● Your goal
Without any of the pictures, set down the data below exactly.

● Source material
════════════════
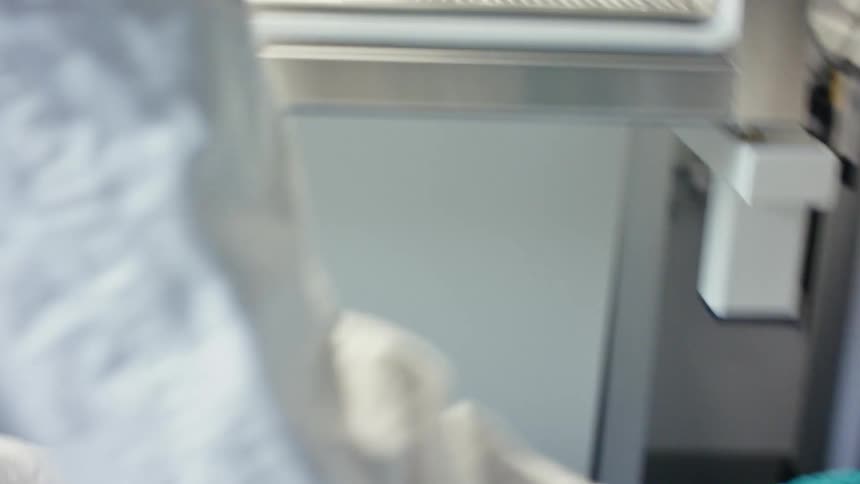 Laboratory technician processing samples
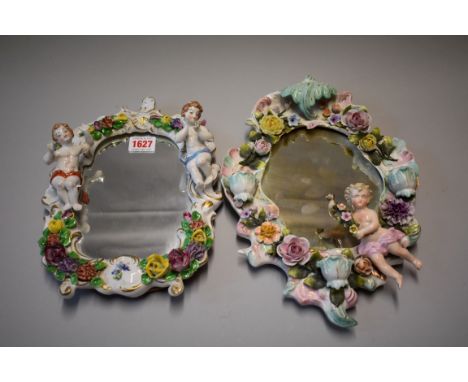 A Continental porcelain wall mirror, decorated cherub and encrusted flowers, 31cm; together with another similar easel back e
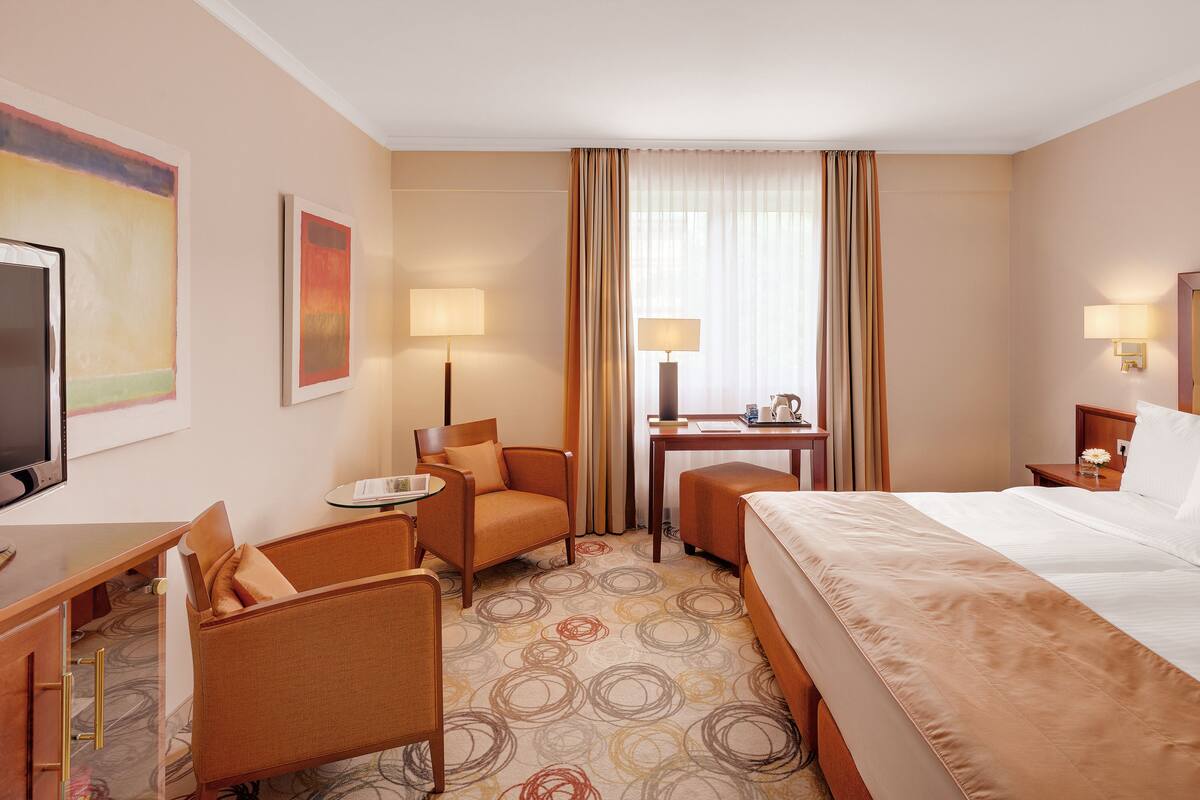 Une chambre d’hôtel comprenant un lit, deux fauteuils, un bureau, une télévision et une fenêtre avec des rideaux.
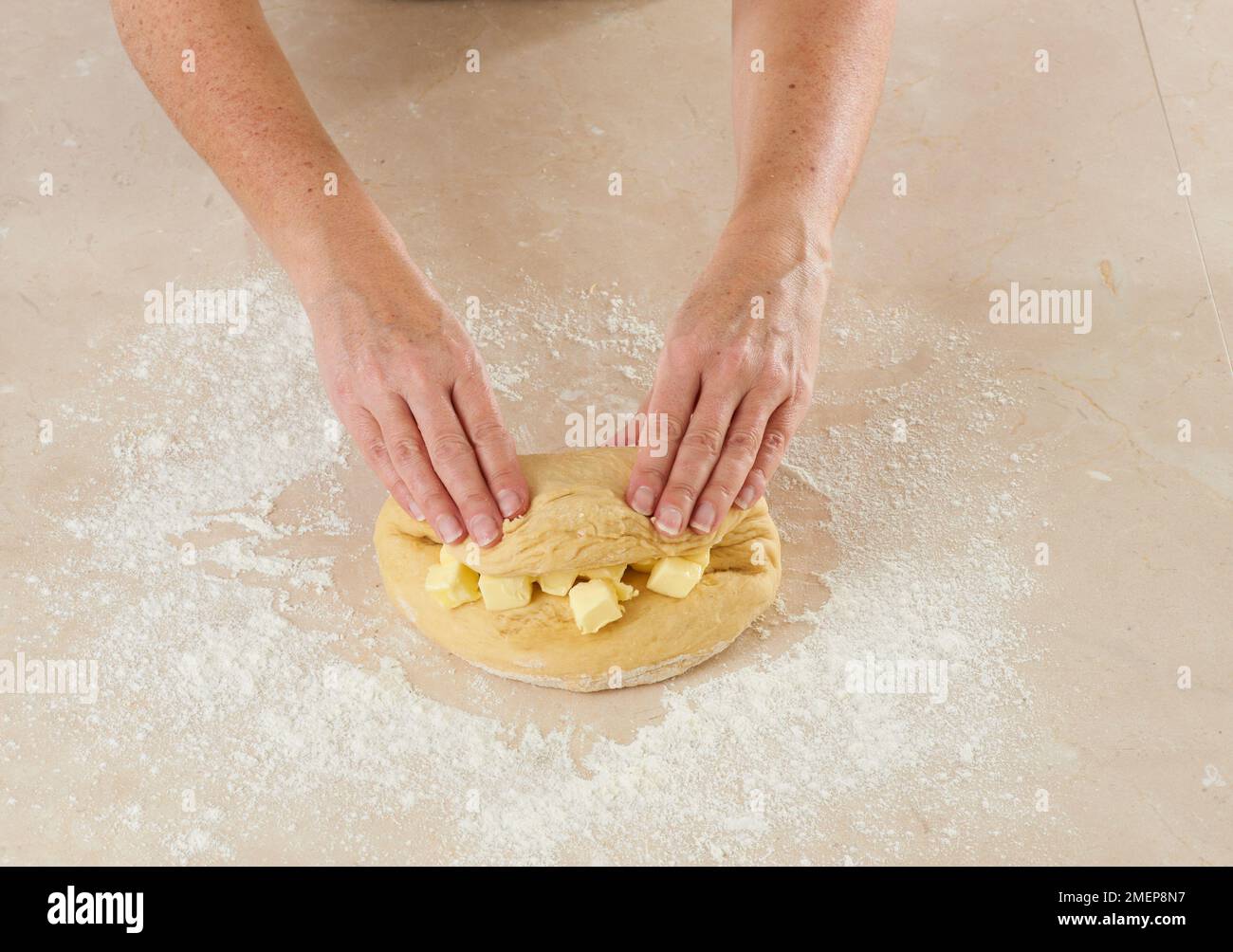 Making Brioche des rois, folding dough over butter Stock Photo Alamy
════════════════
● Reply to the task
 Laboratory technician processing samples
 A Continental porcelain wall mirror, decorated cherub and encrusted flowers, 31cm; together with another similar easel back e
 Une chambre d’hôtel comprenant un lit, deux fauteuils, un bureau, une télévision et une fenêtre avec des rideaux.
 Making Brioche des rois, folding dough over butter Stock Photo Alamy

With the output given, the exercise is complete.